Intellectual Merit: Horizontal convection is the generic designation for the circulation resulting from differential heating along one horizontal boundary of a fluid. It is a key feature of the ocean's Meridional Overturning Circulation. The full problem of the Meridional Overturning Circualtion is complex and difficult, involving thermal, haline, and mechanical forcing. Understanding the simpler problem of (single-component) horizontal convection is an important step in attacking the full problem. Mixing is critically important in producing a pathway for cold water to be modified and return to the surface. Molecular processes are far too puny to carry out this role. The role of turbulence in horizontal convection is hence crucial.
The laboratory and numerical experiments on horizontal convection will address five hypotheses: 1. Scaling for the boundary-layer thicknesses of previous work is correct. 2. Dissipation is highly variable in space. 3. The boundary between steady and unsteady regimes is a function of aspect ratio, dimensionality, and rotation. 4. Small-scale variability of the boundary forcing should shut down large-scale convection. 5. Combined buoyancy and mechanical forcing changes the regime diagram.

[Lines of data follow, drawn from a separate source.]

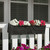 Falling Water Railing Planter on white railing planted with pink and white flowers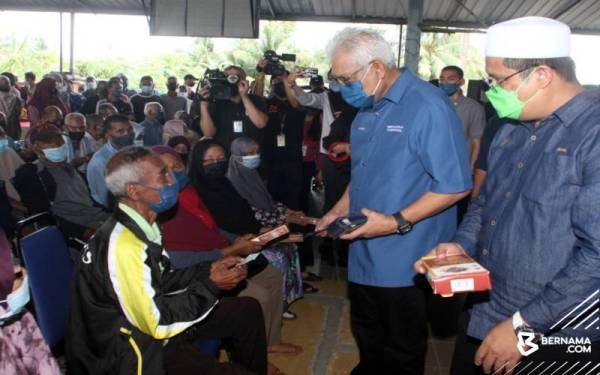 Hamzah menyerahkan sumbangan kepada golongan asnaf sempena Majlis Sumbangan Asnaf Parlimen Larut di Dewan Astaka Batu Kurau, pada Sabtu. - Foto Bernama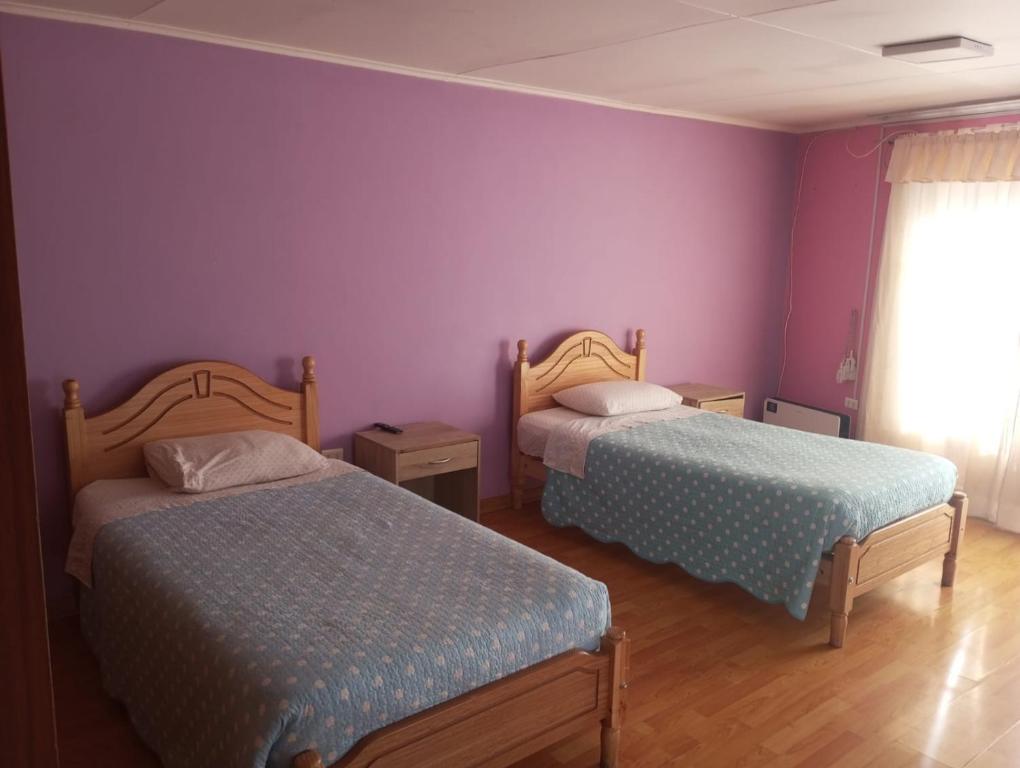 duas camas num quarto com paredes roxas em Hostal GoTravels em Calama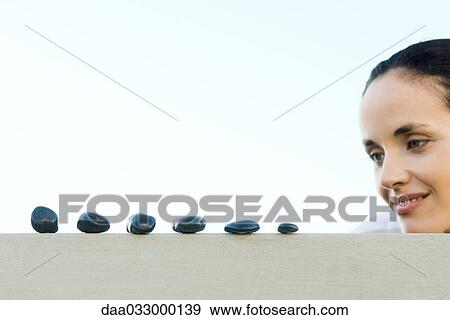Woman looking at line of stones View Large Photo Image Stock Photo - Woman looking at line of stones. Fotosearch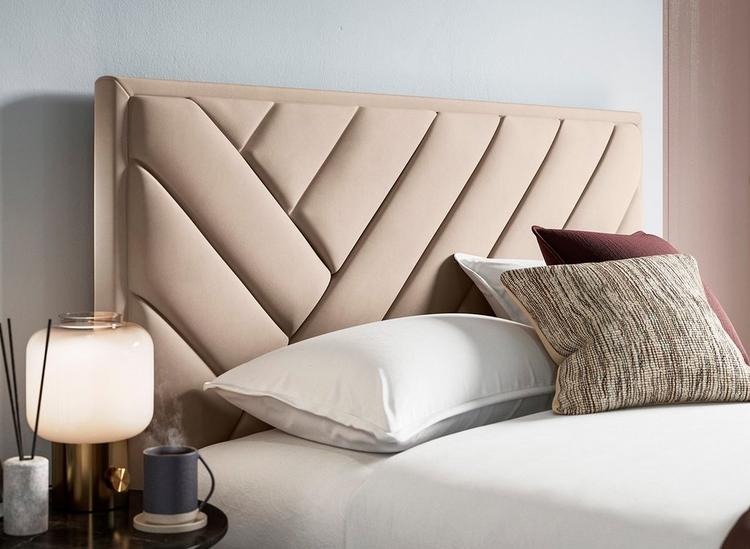 Taupe velvet-finish bed frame, styled in a neutral bedroom with a side table and plush cushions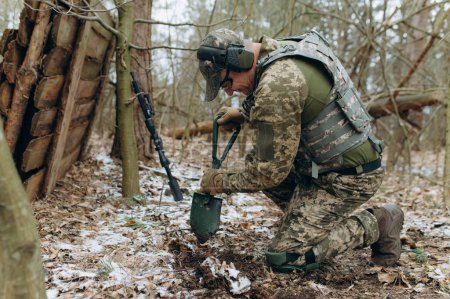 Téléchargez les photos : Un soldat avec une pelle à la main creuse le sol. - en image libre de droit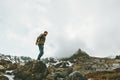 Traveler Man standing alone at foggy mountains Royalty Free Stock Photo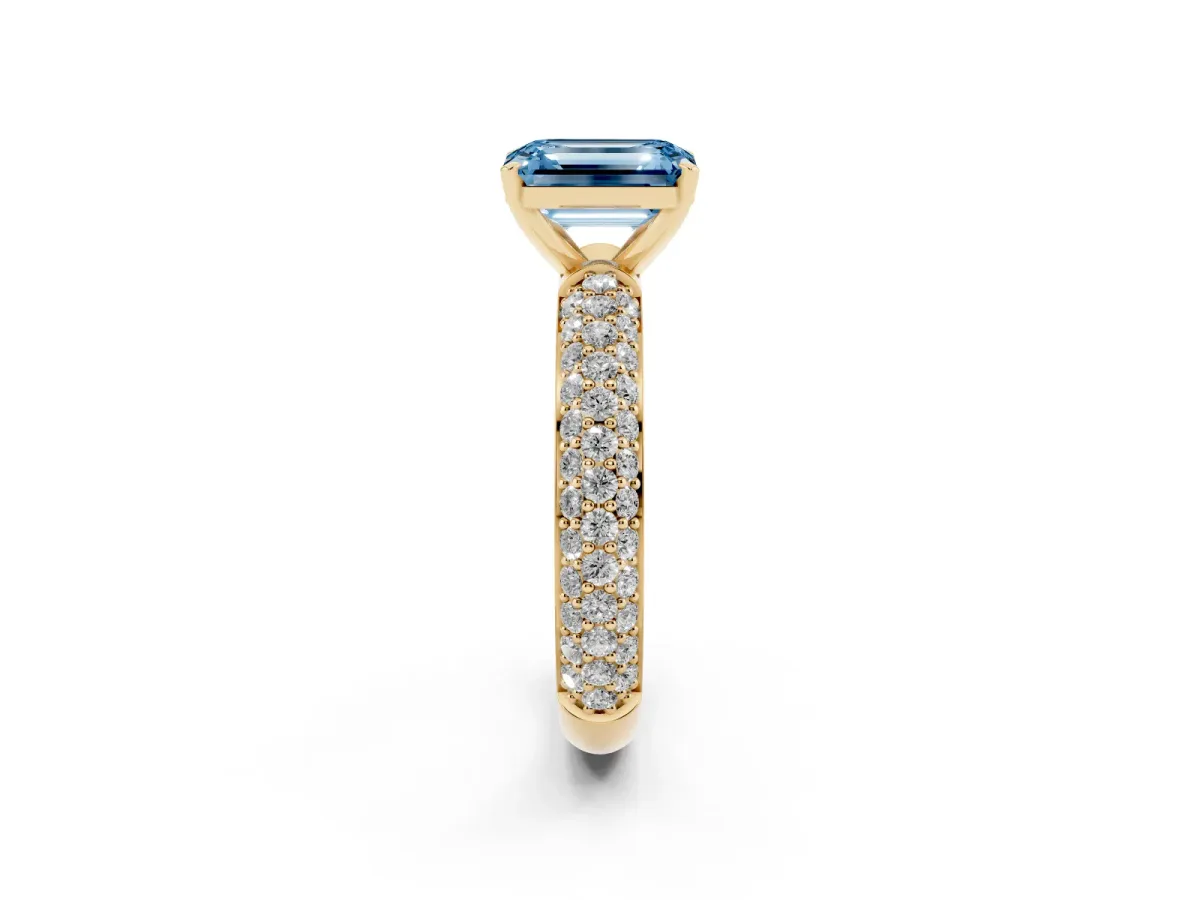 Fancy Blue Emerald Cut Diamond Solitaire Ring with Prong Setting and Pavé Band Yellow gold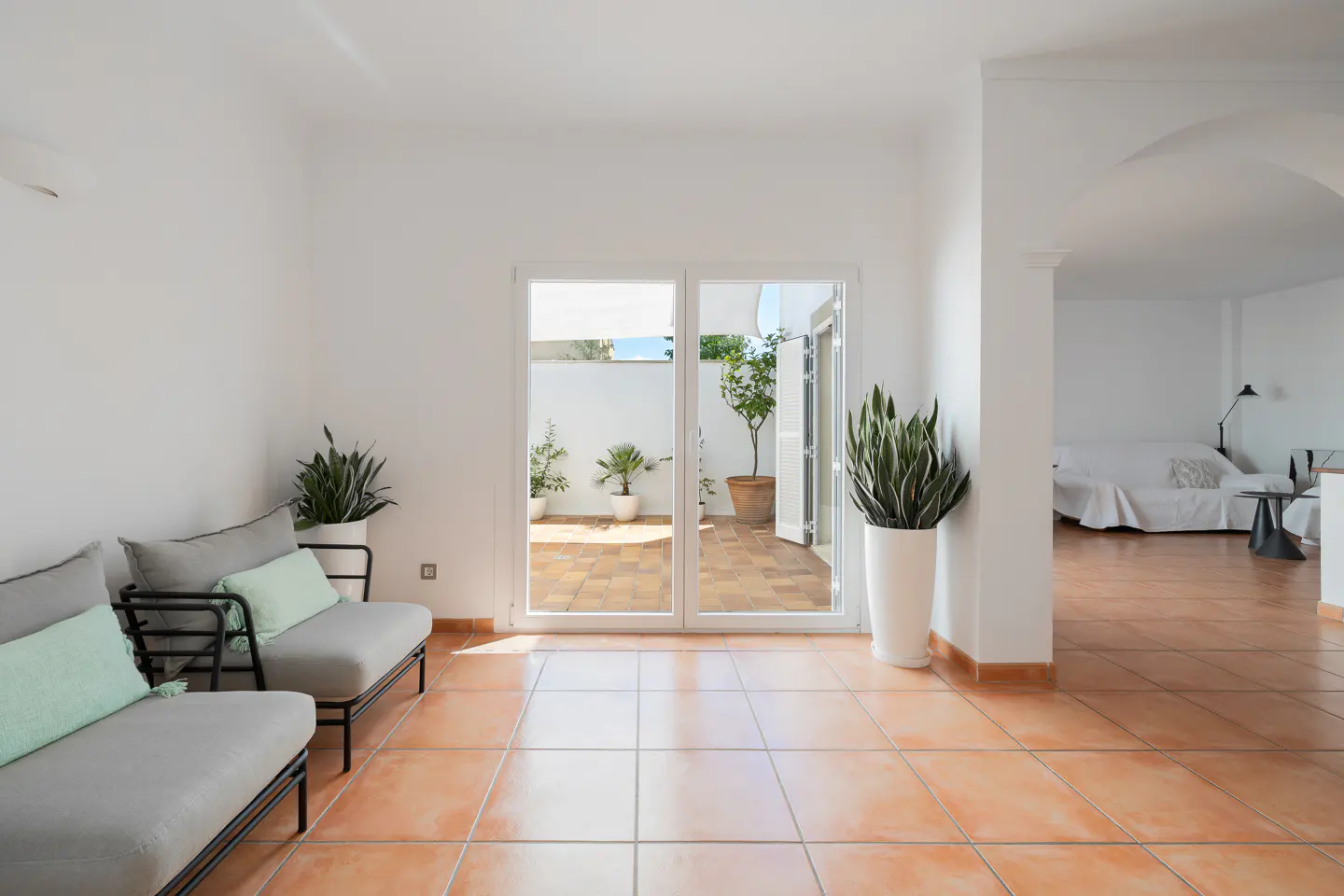Bright, modern living room with terracotta tile floor, white walls, and patio access. Gray chairs with mint pillows sit near potted plants.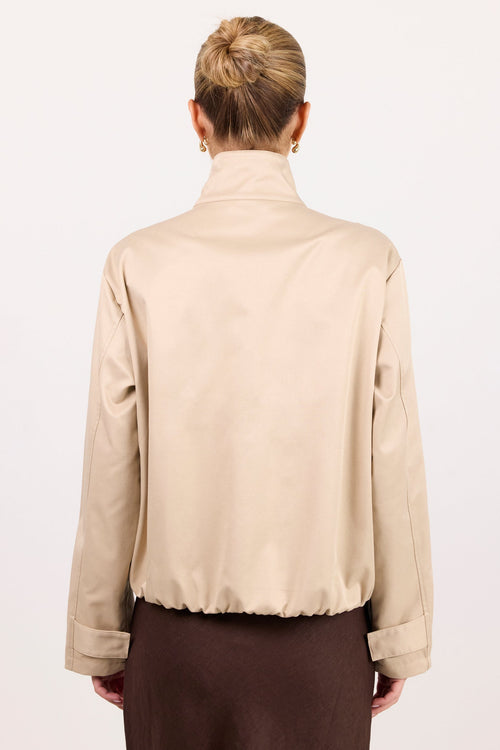A woman viewed from behind wearing a beige long-sleeve mock-neck jacket and a dark brown skirt, set against a plain white studio background.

Broader Impacts: The investigators will engage in educational activities at multiple levels. The environmental fluid dynamics laboratory, in which the lead investigator works, has a strong track record in undergraduate mentoring. They will recruit an undergraduate and will work with UCSD's McNair Program and/or the Summer Training Academy for Research in the Sciences (STARS) program, both of which target students are from groups traditionally underrepresented in the sciences. The research will involve two graduate students. Reaching pre-college students will contribute to the professional development of high school teachers in the San Diego Unified School District. In partnership with the NSF-funded Center for Ocean Science Education Excellence/California they will sponsor a one-day workshop for approximately 25 Earth sciences teachers. The investigators will contribute to the Wiki page of the CFD code chosen for this work. These posts will broadly disseminate key results of NSF-funded work in a venue that is accessed by the larger CFD community, thus enhancing scientific and technological understanding. The results of the project have applications in industry and to environmental sustainability, as well as in related fields of science, in particular limnology and climate science. The experiments carried out here are relevant to natural ventilation of buildings. Improved understanding of the fluid mechanics of natural ventilation, an anticipated outcome of the project, can inform critical energy conservation efforts that may ultimately benefit society economically, environmentally and politically.